# What needs to be done
Each record that follows is to be reproduced character for character, pictures excepted.

# Given records
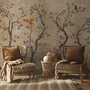 Papier peint panoramique aquarelle Chinoiserie arbres fruitiers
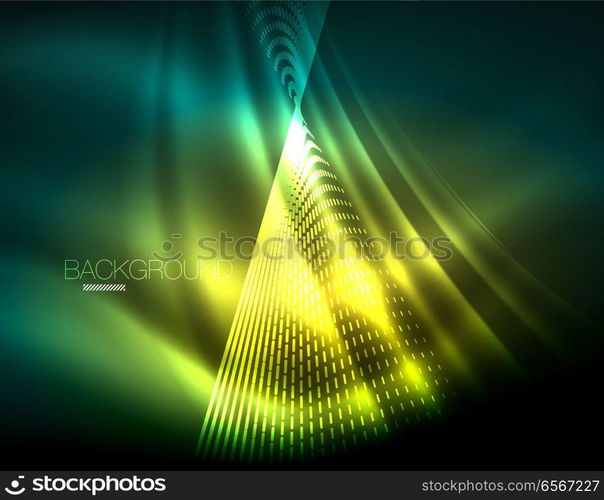 Smooth light effect, straight lines on glowing shiny neon dark background. Energy technology idea. Smooth light effect, straight lines on glowing shiny neon dark background. Energy technology idea. Vector illustration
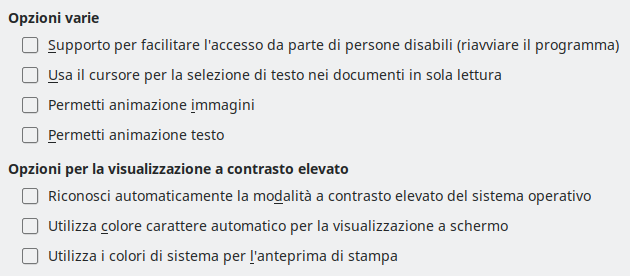 Immagine finestra di dialogo Accessibilità delle opzioni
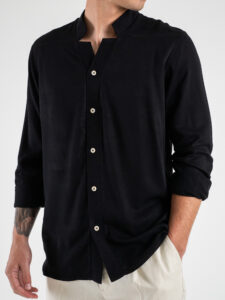 BLACK SUNDAY Camicia senza collo in viscosa GP2097 Nero (4)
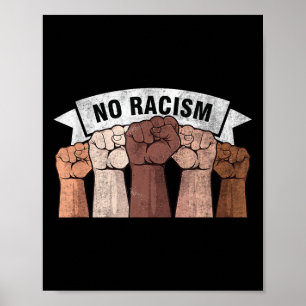 Mens Womens Kids Say No To Racism Quotes Graphic D Poster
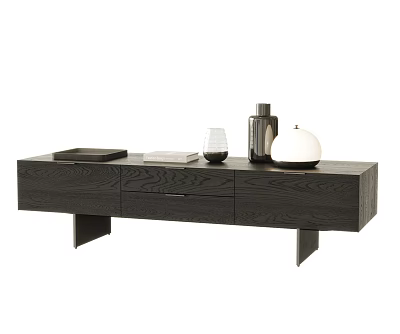 Modern Dark Wooden TV Stand With Drawers Cabinet Doors And Decorative Vase Books 3d model
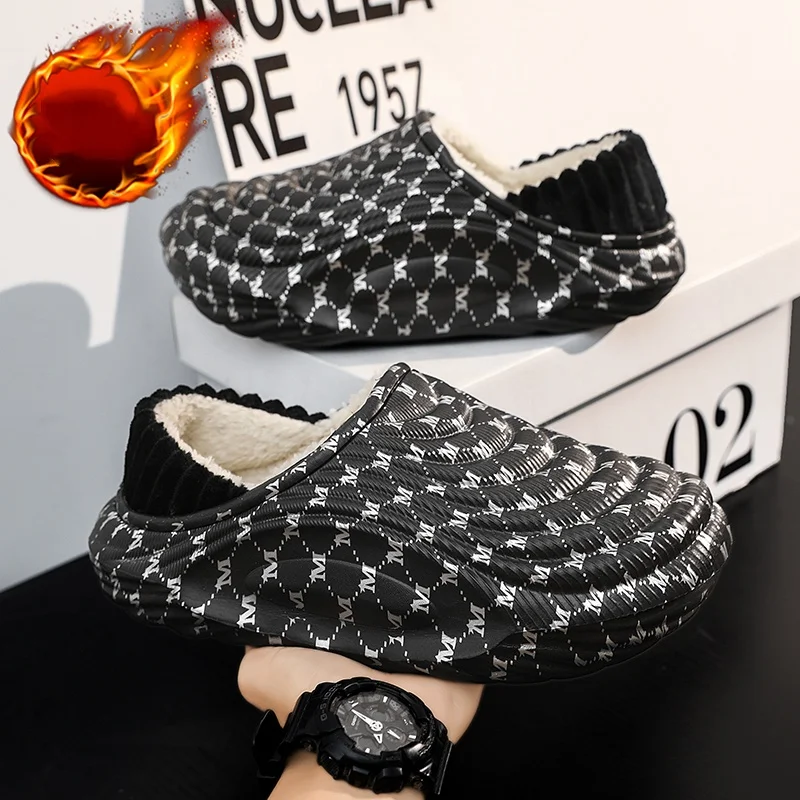 Autumn and Winter Waterproof Cotton Shoes for Men and Women, Plus Velvet to Keep Warm, Outer Wear Cotton Slippers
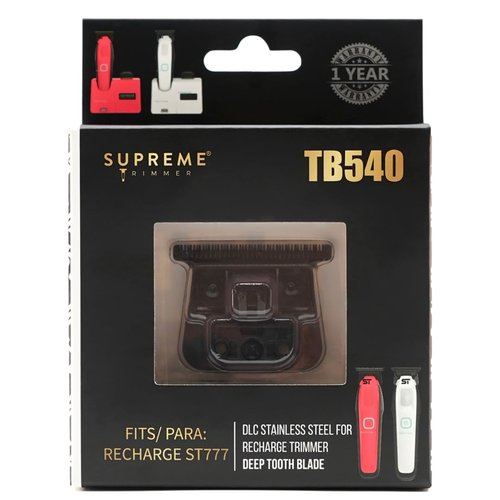 Supreme Trimmer Replacement Deep Tooth T-Blade TB540 | 0 Gap Adjustable, DLC Coated Stainless Steel Trimmer Blade for Recharge ST777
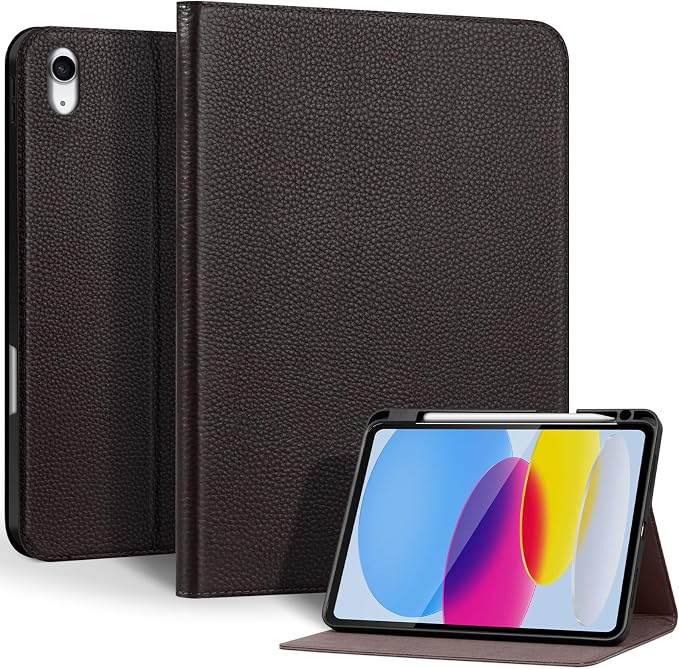 Genuine Leather Case for iPad 11th Gen 11/10th Gen 10.9 Black | Pencil Holder Adjustable Stand Auto Wake/Sleep Shockproof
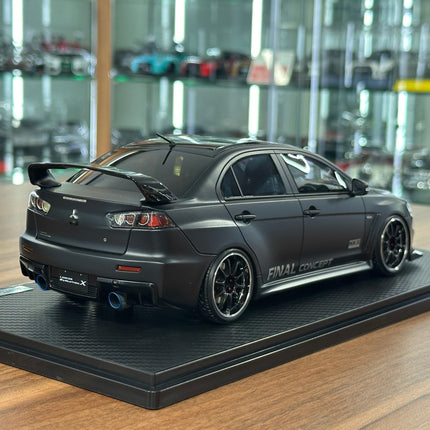 Ignition Model 1:18 Resin Mitsubishi Lancer Evolution X CZ4A Matte Black - collectible scale model car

# Task output
 Papier peint panoramique aquarelle Chinoiserie arbres fruitiers
 Smooth light effect, straight lines on glowing shiny neon dark background. Energy technology idea. Smooth light effect, straight lines on glowing shiny neon dark background. Energy technology idea. Vector illustration
 Immagine finestra di dialogo Accessibilità delle opzioni
 BLACK SUNDAY Camicia senza collo in viscosa GP2097 Nero (4)
 Mens Womens Kids Say No To Racism Quotes Graphic D Poster
 Modern Dark Wooden TV Stand With Drawers Cabinet Doors And Decorative Vase Books 3d model
 Autumn and Winter Waterproof Cotton Shoes for Men and Women, Plus Velvet to Keep Warm, Outer Wear Cotton Slippers
 Supreme Trimmer Replacement Deep Tooth T-Blade TB540 | 0 Gap Adjustable, DLC Coated Stainless Steel Trimmer Blade for Recharge ST777
 Genuine Leather Case for iPad 11th Gen 11/10th Gen 10.9 Black | Pencil Holder Adjustable Stand Auto Wake/Sleep Shockproof
 Ignition Model 1:18 Resin Mitsubishi Lancer Evolution X CZ4A Matte Black - collectible scale model car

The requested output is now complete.